This is where a Health Assessment gains relevance. It makes sense to identify the issues and limitations as such will help on making a much better decision. Providing the results on that Health Assessment, in some cases it may be required to replace only certain components, to fine tune the existing configuration, or to redesign the existing network by moving some central components to the edge, while making sure that any future changes will have the desired result.
A Health Check on your network may include:
Data collection – by putting together all the relevant information in terms of:
Layer 1 – Existing cabling overview (in some cases it may include as well some testing, although this component is normally optional), physical servers and its connections, wan links, internet connections, redundancies, etc…
Layer 2 – Existing vlans, 802.3ad trunks, STP configurations, etc…
Layer 3 and above – routing mechanisms (VRRP, static routes, EIGRP, etc…) and subnets to be used / load balancing configurations, existing features, ACLs, and security mechanisms
For each one of these layers, a network diagram may be produced to properly document the existing scenario.
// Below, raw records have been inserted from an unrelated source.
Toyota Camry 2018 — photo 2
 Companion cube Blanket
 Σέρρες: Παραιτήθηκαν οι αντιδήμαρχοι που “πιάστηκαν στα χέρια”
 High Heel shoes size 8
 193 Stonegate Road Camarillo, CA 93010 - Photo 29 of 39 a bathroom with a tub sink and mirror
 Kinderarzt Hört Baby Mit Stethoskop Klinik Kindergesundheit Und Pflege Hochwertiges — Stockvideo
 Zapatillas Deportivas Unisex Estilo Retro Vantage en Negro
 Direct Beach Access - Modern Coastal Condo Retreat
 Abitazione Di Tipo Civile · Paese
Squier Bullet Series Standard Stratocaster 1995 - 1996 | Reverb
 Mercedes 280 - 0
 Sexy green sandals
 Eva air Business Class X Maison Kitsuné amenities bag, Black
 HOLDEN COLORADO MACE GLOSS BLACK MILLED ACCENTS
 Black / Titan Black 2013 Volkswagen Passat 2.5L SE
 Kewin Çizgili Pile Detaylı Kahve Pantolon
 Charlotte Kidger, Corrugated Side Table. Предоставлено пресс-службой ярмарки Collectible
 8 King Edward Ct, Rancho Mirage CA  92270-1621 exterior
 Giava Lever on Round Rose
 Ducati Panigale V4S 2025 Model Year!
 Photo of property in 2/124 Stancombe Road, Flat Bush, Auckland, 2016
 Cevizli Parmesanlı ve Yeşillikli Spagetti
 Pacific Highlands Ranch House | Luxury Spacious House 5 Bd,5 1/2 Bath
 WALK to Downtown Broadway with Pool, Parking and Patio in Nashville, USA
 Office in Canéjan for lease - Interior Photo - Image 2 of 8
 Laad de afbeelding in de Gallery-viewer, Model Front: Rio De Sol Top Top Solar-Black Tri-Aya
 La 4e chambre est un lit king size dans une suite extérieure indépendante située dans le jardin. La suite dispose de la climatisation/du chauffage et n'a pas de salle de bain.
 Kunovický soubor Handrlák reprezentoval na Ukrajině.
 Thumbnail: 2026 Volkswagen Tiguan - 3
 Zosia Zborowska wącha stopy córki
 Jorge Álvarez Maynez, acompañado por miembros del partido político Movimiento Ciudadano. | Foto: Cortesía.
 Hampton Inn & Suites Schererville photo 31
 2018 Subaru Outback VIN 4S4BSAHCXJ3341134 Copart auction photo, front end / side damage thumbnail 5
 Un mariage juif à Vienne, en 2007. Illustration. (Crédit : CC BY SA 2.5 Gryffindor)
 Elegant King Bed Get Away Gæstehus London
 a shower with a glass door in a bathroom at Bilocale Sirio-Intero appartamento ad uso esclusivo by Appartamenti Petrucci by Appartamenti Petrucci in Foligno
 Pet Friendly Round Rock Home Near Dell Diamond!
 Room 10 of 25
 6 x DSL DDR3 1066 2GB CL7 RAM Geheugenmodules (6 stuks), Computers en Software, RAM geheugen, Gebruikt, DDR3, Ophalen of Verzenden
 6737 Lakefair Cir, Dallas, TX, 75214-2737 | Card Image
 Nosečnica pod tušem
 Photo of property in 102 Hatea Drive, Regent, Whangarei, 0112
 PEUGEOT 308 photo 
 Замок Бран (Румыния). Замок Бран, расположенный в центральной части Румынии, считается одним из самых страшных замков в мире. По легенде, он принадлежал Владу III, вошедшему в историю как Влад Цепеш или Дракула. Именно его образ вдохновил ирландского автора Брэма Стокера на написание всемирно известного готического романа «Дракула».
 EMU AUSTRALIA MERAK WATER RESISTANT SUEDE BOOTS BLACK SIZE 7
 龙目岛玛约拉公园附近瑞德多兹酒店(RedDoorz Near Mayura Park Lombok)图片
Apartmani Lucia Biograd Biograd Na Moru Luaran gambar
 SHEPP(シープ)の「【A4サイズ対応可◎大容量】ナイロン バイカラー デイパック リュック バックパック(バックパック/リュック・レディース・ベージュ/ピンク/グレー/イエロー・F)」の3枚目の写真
At the same time, an analysis is carried to detect inconsistencies in terms of firmware, configurations and environmental conditions.
As a second step, some traffic analysis may be performed, while reviewing existing logs to detect potential risks, vulnerabilities and instability factors.
In some cases, a stress test may be performed as well. This test may check redundancies, links operation and features like load balancing
As the result of this health check, a report with the findings and a number of recommendations is produced. This report is meant to point the situations to improve, by providing specific guidance on the viable scenarios.